926. Flip String to Monotone Increasing - Explanation

1. Dynamic Programming (Top-Down)

class Solution:
    def minFlipsMonoIncr(self, s: str) -> int:
        dp = {}

        def dfs(i, mono):
            if (i, mono) in dp:
                return dp[(i, mono)]
            if i == len(s):
                return 0

            if mono and s[i] == "0":
                dp[(i, mono)] = min(1 + dfs(i + 1, False), dfs(i + 1, mono))
            elif mono and s[i] == "1":
                dp[(i, mono)] = min(1 + dfs(i + 1, mono), dfs(i + 1, False))
            elif not mono and s[i] == "1":
                dp[(i, mono)] = dfs(i + 1, mono)
            else:
                dp[(i, mono)] = 1 + dfs(i + 1, mono)

            return dp[(i, mono)]

        return dfs(0, True)

Time & Space Complexity

Time complexity: $O(n)$
Space complexity: $O(n)$

2. Dynamic Programming (Bottom-Up)

class Solution:
    def minFlipsMonoIncr(self, s: str) -> int:
        n = len(s)
        dp = [[0] * 2 for _ in range(n + 1)]

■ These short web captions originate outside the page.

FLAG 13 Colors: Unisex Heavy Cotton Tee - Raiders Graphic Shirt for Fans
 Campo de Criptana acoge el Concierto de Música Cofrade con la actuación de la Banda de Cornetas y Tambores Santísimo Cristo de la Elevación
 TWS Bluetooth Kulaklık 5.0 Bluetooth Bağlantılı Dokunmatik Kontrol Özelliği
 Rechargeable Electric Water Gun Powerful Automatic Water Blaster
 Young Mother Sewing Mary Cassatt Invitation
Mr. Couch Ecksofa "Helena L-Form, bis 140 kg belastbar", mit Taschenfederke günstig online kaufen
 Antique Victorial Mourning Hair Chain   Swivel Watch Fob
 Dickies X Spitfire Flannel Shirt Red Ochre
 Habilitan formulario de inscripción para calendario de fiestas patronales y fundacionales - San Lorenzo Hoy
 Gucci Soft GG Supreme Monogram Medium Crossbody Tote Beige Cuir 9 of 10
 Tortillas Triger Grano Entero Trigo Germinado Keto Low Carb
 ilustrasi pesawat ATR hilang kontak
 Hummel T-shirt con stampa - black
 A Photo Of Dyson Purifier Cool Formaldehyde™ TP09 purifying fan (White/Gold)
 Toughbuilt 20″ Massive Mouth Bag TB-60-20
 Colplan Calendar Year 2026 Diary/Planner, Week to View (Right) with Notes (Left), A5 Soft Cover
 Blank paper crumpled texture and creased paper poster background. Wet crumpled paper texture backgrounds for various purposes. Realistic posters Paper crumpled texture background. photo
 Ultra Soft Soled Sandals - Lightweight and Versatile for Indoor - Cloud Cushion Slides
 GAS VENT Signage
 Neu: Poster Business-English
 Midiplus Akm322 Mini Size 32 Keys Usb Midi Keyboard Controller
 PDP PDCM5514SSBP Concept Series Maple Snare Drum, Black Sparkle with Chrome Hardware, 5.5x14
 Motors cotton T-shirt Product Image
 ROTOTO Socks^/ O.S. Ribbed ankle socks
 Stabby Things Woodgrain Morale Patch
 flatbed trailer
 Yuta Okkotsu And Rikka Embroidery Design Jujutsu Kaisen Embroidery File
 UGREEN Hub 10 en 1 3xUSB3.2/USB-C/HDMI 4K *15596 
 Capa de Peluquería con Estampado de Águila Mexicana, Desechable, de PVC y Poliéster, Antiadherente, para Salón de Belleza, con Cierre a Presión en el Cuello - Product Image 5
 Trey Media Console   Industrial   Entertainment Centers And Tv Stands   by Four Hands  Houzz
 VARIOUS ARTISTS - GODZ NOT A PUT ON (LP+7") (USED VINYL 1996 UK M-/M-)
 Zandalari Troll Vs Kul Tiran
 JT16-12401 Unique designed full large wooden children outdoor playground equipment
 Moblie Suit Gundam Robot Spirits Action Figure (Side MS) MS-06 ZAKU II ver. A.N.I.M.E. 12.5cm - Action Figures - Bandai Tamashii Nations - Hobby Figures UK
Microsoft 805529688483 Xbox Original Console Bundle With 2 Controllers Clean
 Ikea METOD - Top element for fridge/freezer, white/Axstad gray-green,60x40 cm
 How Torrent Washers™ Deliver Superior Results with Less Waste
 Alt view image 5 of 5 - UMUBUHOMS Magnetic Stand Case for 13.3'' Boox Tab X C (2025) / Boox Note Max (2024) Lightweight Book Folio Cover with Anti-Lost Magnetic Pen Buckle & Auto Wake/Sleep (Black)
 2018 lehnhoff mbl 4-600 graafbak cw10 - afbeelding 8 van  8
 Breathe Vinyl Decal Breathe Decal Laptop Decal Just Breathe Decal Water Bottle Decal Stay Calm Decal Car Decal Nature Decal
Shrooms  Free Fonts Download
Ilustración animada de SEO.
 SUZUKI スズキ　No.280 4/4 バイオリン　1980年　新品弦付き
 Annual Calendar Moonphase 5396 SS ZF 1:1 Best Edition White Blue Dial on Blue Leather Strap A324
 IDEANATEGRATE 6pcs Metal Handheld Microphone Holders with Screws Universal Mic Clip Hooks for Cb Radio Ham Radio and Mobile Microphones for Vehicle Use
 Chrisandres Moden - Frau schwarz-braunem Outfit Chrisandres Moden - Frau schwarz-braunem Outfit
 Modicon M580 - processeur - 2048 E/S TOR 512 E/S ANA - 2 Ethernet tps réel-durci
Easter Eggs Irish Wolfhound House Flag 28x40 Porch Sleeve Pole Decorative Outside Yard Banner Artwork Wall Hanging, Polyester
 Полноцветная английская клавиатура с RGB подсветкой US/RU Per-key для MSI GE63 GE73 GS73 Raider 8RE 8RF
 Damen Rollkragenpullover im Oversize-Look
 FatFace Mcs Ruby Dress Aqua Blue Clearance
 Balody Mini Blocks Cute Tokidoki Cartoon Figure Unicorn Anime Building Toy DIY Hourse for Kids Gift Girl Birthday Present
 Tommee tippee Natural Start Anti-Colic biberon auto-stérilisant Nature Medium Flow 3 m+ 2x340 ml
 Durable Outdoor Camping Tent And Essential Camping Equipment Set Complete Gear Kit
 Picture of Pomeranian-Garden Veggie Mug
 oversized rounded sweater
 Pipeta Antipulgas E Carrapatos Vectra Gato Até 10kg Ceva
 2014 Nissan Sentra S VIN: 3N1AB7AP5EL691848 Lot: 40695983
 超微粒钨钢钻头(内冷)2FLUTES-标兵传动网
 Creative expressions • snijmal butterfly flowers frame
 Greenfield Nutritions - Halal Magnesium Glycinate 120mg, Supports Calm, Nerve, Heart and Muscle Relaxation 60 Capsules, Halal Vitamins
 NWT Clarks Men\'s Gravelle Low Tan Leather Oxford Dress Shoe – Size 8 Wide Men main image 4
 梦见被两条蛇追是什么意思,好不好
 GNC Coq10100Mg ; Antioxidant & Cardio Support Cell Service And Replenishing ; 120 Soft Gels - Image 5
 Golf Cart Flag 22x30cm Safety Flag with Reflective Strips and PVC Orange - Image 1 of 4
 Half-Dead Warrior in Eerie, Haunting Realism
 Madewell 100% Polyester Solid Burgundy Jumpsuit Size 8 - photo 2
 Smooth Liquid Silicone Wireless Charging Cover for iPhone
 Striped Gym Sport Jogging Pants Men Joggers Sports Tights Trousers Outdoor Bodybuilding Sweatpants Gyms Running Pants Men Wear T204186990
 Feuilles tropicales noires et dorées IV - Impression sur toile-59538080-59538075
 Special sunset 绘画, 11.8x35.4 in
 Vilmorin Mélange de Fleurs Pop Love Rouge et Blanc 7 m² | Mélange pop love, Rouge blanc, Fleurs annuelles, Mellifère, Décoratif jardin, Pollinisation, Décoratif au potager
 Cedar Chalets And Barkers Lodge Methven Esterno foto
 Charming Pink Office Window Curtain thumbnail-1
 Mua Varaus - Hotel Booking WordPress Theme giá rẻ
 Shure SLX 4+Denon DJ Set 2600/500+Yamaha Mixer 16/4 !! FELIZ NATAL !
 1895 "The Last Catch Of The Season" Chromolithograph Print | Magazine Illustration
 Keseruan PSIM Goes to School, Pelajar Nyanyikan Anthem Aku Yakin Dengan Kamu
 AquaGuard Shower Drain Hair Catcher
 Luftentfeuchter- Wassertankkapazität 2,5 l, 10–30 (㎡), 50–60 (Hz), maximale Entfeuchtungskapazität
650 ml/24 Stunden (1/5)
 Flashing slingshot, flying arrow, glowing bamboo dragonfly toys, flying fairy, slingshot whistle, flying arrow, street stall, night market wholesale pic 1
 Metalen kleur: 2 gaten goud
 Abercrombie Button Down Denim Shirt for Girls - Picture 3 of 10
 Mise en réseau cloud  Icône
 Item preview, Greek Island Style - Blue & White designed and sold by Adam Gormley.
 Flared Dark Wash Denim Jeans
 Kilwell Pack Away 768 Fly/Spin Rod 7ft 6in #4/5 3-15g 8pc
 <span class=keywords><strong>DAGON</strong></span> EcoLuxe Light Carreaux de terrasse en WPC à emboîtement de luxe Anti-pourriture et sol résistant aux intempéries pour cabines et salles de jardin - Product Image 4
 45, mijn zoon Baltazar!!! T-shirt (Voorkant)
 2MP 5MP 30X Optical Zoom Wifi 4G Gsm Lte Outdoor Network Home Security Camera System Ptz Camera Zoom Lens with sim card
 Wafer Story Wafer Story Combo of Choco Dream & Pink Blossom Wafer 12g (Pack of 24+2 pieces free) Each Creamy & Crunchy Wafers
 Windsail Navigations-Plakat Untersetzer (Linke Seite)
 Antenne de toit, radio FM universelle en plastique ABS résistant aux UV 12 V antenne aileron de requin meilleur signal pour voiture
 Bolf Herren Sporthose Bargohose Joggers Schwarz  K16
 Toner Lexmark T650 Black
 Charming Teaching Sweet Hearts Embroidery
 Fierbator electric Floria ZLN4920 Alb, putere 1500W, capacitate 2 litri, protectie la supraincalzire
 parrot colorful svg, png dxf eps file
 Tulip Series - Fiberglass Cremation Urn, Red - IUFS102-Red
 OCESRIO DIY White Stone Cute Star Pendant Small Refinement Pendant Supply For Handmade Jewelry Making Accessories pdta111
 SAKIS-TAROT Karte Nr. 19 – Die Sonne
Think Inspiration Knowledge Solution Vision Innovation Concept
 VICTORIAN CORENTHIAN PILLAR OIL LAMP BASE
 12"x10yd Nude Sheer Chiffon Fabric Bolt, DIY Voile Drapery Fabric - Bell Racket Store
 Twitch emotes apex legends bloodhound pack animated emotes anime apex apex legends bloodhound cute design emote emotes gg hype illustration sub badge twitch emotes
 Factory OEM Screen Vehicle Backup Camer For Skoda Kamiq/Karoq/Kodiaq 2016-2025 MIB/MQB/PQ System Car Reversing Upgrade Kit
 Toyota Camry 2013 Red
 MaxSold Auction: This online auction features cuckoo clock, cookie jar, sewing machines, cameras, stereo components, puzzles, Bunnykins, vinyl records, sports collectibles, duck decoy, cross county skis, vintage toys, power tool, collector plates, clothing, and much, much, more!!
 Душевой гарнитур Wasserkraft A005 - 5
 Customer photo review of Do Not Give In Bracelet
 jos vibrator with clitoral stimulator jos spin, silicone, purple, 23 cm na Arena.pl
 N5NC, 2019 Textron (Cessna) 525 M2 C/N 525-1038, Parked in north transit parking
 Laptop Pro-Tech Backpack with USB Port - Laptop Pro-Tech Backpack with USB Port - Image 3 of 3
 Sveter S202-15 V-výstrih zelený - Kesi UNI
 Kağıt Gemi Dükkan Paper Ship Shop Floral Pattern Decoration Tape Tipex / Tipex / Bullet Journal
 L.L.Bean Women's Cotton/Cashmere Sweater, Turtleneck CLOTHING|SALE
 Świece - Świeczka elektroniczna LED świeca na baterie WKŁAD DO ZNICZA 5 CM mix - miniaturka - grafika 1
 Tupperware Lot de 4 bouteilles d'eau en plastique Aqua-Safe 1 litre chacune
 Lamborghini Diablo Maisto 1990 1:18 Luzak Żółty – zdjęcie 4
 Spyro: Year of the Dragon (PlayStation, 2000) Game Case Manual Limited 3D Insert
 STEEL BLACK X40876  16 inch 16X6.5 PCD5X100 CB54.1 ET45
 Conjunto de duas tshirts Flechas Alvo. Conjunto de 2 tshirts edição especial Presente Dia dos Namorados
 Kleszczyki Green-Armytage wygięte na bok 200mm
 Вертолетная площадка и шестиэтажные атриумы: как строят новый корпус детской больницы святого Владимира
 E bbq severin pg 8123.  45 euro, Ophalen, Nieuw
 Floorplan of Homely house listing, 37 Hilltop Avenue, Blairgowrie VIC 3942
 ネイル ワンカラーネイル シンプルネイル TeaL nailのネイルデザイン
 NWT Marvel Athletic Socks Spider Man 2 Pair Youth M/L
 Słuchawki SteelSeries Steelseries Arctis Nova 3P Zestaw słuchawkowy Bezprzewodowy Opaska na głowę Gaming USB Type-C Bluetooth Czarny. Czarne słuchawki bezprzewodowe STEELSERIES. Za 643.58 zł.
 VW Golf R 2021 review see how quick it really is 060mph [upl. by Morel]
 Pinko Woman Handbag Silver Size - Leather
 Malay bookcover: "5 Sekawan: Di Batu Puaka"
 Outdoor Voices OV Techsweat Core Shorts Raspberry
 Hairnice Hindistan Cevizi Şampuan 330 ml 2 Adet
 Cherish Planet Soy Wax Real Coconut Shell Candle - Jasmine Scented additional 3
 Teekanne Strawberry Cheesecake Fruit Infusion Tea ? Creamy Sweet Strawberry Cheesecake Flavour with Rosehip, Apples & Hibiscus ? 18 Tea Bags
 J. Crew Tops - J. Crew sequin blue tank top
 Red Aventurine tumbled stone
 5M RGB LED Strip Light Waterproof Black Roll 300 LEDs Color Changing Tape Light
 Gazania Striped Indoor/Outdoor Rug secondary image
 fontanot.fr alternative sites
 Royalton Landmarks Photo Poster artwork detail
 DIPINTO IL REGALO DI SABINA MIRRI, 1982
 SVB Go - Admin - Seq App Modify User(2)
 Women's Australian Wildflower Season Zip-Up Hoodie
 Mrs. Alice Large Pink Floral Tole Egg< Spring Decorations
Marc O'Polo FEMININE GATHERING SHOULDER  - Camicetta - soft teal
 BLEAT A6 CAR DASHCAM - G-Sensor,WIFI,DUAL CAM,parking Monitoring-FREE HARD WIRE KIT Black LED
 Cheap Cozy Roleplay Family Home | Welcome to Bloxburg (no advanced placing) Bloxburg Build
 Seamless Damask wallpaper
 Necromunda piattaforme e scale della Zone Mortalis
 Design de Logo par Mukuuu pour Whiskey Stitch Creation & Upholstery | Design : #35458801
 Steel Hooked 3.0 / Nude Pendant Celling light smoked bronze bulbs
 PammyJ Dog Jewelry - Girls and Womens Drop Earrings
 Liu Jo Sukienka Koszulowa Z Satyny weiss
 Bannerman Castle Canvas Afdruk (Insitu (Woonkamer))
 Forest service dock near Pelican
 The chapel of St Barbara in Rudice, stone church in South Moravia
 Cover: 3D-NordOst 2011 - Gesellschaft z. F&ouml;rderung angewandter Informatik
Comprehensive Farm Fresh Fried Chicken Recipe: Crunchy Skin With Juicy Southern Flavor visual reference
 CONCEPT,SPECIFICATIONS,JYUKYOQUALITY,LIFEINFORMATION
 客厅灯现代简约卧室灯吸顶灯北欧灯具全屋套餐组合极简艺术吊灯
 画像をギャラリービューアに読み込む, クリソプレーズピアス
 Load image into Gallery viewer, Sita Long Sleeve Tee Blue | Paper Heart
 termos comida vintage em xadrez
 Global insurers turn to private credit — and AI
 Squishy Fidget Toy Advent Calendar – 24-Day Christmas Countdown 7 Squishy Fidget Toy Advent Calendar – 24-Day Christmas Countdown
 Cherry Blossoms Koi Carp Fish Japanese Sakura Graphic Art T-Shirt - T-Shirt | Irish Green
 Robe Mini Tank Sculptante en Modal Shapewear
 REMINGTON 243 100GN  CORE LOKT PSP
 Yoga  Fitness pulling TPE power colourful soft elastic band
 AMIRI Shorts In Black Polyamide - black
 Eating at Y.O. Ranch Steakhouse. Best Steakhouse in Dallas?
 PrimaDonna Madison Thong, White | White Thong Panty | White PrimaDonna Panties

        for i in range(n - 1, -1, -1):
            if s[i] == '0':
                dp[i][1] = min(1 + dp[i + 1][0], dp[i + 1][1])
                dp[i][0] = 1 + dp[i + 1][0]
            else:  # s[i] == '1'
                dp[i][1] = min(1 + dp[i + 1][1], dp[i + 1][0])
                dp[i][0] = dp[i + 1][0]

        return dp[0][1]

Time & Space Complexity

Time complexity: $O(n)$
Space complexity: $O(n)$

3. Dynamic Programming (Space Optimized)

class Solution:
    def minFlipsMonoIncr(self, s: str) -> int:
        n = len(s)
        dp = [0, 0]

        for i in range(n - 1, -1, -1):
            if s[i] == '0':
                new_dp_1 = min(1 + dp[0], dp[1])
                new_dp_0 = dp[0] + 1
            else:  # s[i] == '1'
                new_dp_1 = min(dp[1] + 1, dp[0])
                new_dp_0 = dp[0]

            dp[1] = new_dp_1
            dp[0] = new_dp_0

        return dp[1]

Time & Space Complexity

Time complexity: $O(n)$
Space complexity: $O(1)$ extra space.

4. Prefix & Suffix Arrays

class Solution:
    def minFlipsMonoIncr(self, s: str) -> int:
        n = len(s)
        left_ones = [0] * (n + 1)
        right_zeros = [0] * (n + 1)

        for i in range(n):
            left_ones[i + 1] = left_ones[i] + (1 if s[i] == '1' else 0)

        for i in range(n - 1, -1, -1):
            right_zeros[i] = right_zeros[i + 1] + (1 if s[i] == '0' else 0)

        res = float('inf')
        for i in range(n + 1):
            res = min(res, left_ones[i] + right_zeros[i])

        return res

Time & Space Complexity

Time complexity: $O(n)$
Space complexity: $O(n)$

5. Dynamic Programming (Optimal)

class Solution:
    def minFlipsMonoIncr(self, s: str) -> int:
        res  = cntOne = 0
        for c in s:
            if c == '1':
                cntOne += 1
            else:
                res = min(res + 1, cntOne)
        return res

Time & Space Complexity

Time complexity: $O(n)$
Space complexity: $O(1)$ extra space.